After reviewing various indices, the NSF WQI was determined to be suitable as a method that can take into account water quality, hydrology, and meteorology, including factor composition and weighting. Therefore, this study employed the NSF WQI calculation method to create a comprehensive index that integrates water quality, flow, and meteorological factors.

To evaluate water quality, the modified NSFWQI calculation method proposed in [29] was used. The calculation method is presented in Equation (1). $q_i$ is the grade reference value of each water quality item, $W_i$ means the weight of each water quality item, and n is the number of water quality items. In this study, the environmental drought index was calculated using the NSFWQI calculation method. The settings for the factors were reconstructed and utilized in this study.

$$NSFWQI=\sum _{i=1}^n{q}_i{W}_i$$

(1)

2.3. Setting up Environmental Drought Index Calculation Items

Current water quality and drought indices have limitations in assessing water quality under hydrological and meteorological changes. This study aimed to determine water quality changes during environmental droughts. Existing water quality indices include measures of organic substances like biochemical oxygen demand (BOD), total nitrogen (T-N), and total phosphorus (T-P). These concentrations are typically identified through laboratory analyses, which only reveal changes after water quality is affected, leaving limited time for proactive responses. Therefore, this study sought to assess water quality status using real-time sensor data.

With advancements in sensor technology, a variety of water quality parameters can now be monitored in real time [30,31,32]. High-frequency monitoring has become essential [33], as sensor-based measurements can capture temporal fluctuations in water quality more effectively [34,35]. Sensor data and modeling offer time, cost, and labor efficiencies in water quality management [36]. In this study, we applied an index calculation method that does not utilize modeling and only uses sensor-based data. In the existing calculations of water quality indices, there were no cases where only sensor-based data were used. This study uniquely applied an index calculation method based solely on sensor data, leveraging the advantages of real-time monitoring. This approach allowed us to track water quality dynamics immediately, enhancing the potential for early intervention.

The calculation items included Flow, Cumulative Precipitation, Rainless Days, pH, Electrical Conductivity (EC), Dissolved Oxygen (DO), and Total Organic Carbon (TOC)—all parameters obtainable in real time. For rivers with upstream dams, Dam Outflow was also included. Priority was given to sensor-based and real-time factors, and factor correlations were considered to improve calculation accuracy. Flow, Cumulative Precipitation, and Rainless Days were set based on studies investigating flow rate and meteorological impacts on river water quality, particularly through the Load Duration Curve (LDC) approach [37]. Specifically, cumulative precipitation was considered over the 28 days prior to each measurement date, while the threshold for “Rainless Days” was set at ≥10 mm, in line with the precipitation criteria for nonpoint source pollution monitoring in management guidelines.
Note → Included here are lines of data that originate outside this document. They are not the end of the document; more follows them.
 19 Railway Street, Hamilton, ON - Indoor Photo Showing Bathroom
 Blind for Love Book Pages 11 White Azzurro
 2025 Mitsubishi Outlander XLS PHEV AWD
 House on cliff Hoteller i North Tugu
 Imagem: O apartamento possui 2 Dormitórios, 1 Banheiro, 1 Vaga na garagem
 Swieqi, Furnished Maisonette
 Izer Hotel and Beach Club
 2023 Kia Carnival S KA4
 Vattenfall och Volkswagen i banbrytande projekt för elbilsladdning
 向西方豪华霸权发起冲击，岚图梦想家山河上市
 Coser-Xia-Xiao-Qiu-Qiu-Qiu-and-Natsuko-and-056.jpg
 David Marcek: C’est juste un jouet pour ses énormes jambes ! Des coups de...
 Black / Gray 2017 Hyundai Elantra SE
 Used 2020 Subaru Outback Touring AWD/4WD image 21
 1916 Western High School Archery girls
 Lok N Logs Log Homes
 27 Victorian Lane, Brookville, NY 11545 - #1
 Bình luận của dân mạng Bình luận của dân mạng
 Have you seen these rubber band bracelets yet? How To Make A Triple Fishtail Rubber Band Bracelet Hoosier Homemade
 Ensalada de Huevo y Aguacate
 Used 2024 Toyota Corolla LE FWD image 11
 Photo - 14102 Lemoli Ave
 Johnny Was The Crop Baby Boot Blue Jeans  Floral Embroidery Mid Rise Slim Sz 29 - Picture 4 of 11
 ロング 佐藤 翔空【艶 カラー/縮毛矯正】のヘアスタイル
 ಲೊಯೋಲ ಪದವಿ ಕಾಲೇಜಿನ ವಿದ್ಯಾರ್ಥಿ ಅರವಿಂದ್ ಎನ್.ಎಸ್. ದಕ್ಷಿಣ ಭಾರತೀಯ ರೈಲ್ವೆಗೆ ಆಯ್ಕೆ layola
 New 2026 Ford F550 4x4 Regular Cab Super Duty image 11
To capture the impacts of environmental drought on water quality, the selected parameters informed the index range and served as indicators of water quality deterioration. Given that BOD is a key regulatory standard for river water quality in Korea, this study focused on BOD as an index parameter. The index for BOD was calculated using the NSF WQI formula, with specific calculation factors and weights established as proposed in this study. This approach allowed us to present an index capable of detecting water quality changes due to environmental drought.

2.4. Weights and Normalization Methods

In composite indices, the ranges and units of individual factors differ, so standardization is essential to make them dimensionally consistent. In this study, weights were applied to calculate the index, determined by obtaining a weight vector through ordinary least squares (OLS) regression, minimizing the residual sum of squares (RSS). Flow, Cumulative Precipitation, Rainless Days, pH, Electrical Conductivity (EC), Dissolved Oxygen (DO), Total Organic Carbon (TOC), and Dam Outflow were used as independent variables, while Biochemical Oxygen Demand (BOD) served as the dependent variable. Weights were calculated by analyzing varied hydrological conditions—including moist, normal, dry, and low flow—while excluding flood season flows.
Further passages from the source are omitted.